What went wrong with DID


Differences-in-Differences has been a popular approach for identifying causal effects of treatments, utilizing data from both treated and untreated units across time. However, in recent years (5? as of 2023), this methodology has come under scrutiny due to several flaws that have been identified, leading to what some refer to as the DID-Revolution. Numerous econometricians, both established and new, have worked on this topic, highlighting the problems associated with the methodology and proposing potential solutions. Additionally, they have suggested extensions to the model to address a wide range of scenarios (The literature has grown…alot).

As someone who was initially perplexed by these changes, problems, and solutions, I started reading in detail on the topic, and had the opportunity to develop two Stata commands:

  • csdid and csdid2, which implement Callaway and Sant’Anna (2021) approach
  • jwdid, which implements the approach suggested by Wooldridge (2021).

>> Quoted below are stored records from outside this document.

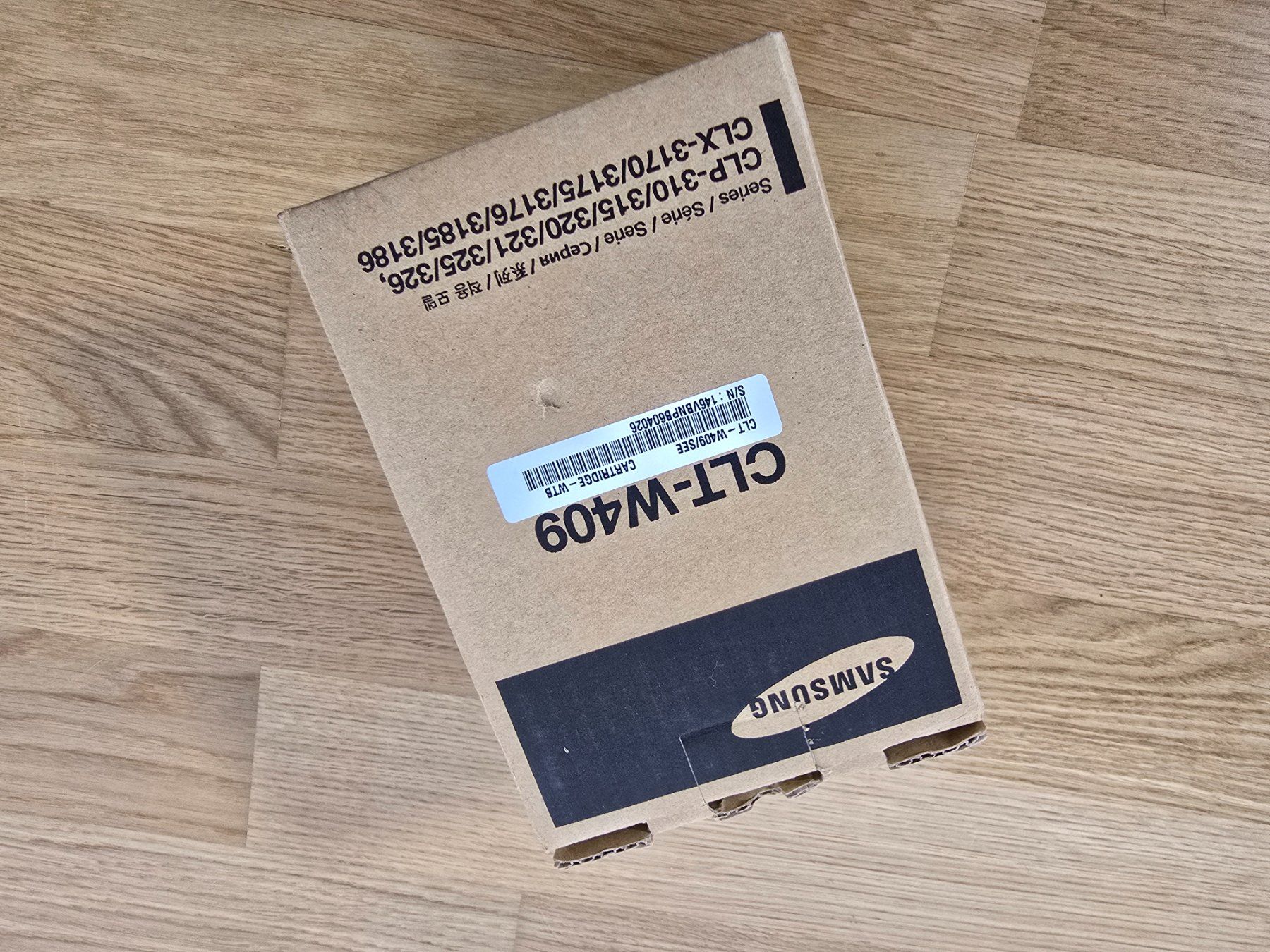 Samsung Cartucce per stampanti & toner: Samsung CLT-W409 Resttonerbehälter – Usato da Dorf venduto da 2khtar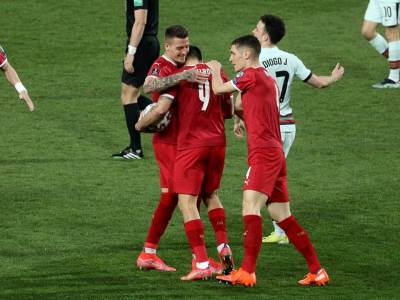  Svjetsko prvenstvo 2022 kvalifikacije Srbija Portugal UŽIVO 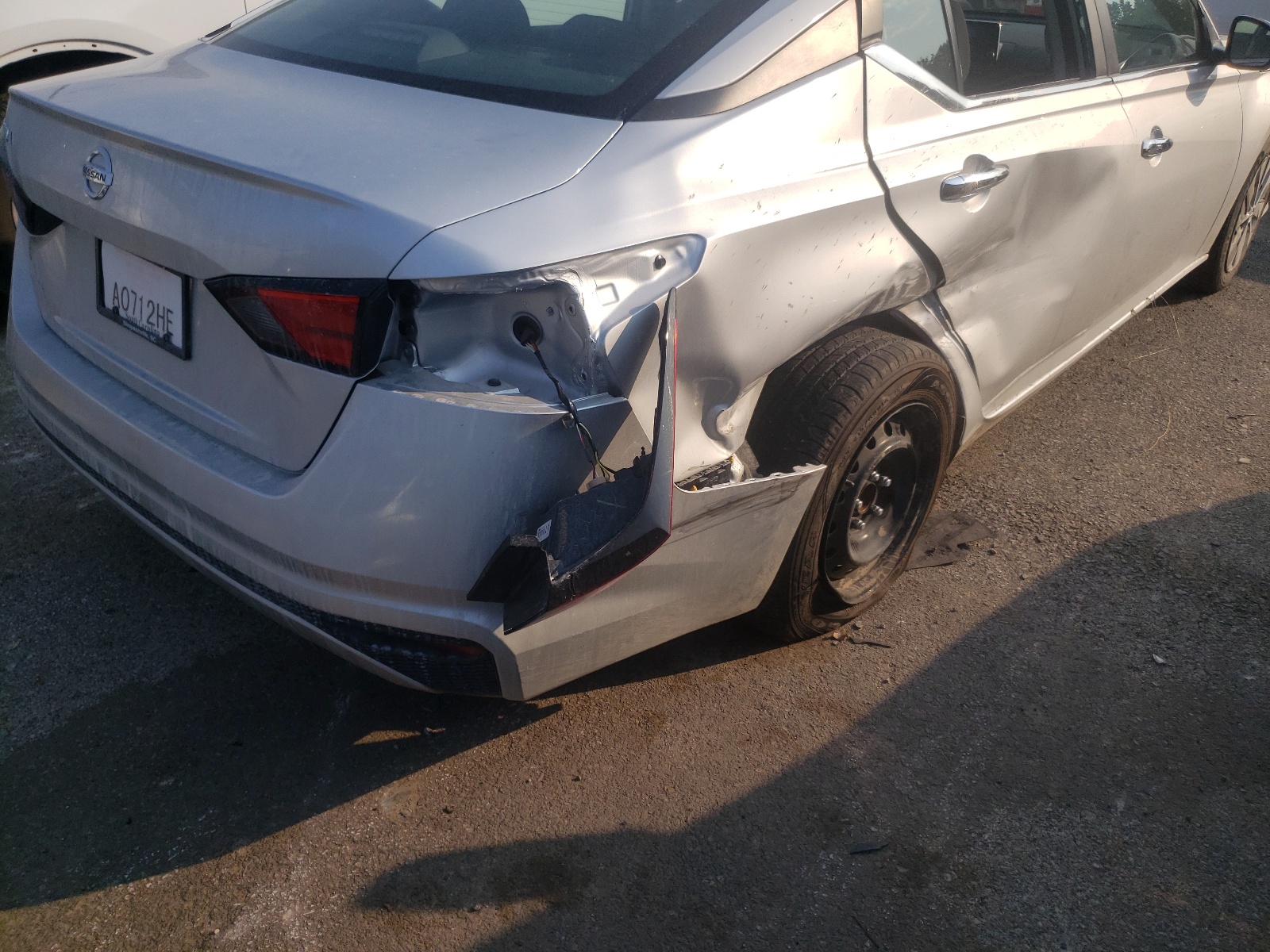 Photo 9 from auction – 2020 NISSAN ALTIMA S with VIN 1N4BL4BV3LC153609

Through this process of coding and reading, I gained a better understanding of several concepts, particularly why certain strategies, such as the Two-way-Fixed-effect (TWFE), may not yield accurate estimates.

To simplify things and improve intuition, I will discuss the methodology and its problems and solutions.

DiD 2x2 Canonical Design

Let’s start with the fundamental building block of the Differences-in-Differences methodology, which is the 2x2 canonical design that is widely used in many papers related to DID models.

The basic 2x2 DiD design involves observing two groups of observations across two periods in time. During the first period, neither of these groups receive a treatment, and thus, it can be assumed that they have similar experiences up to that point.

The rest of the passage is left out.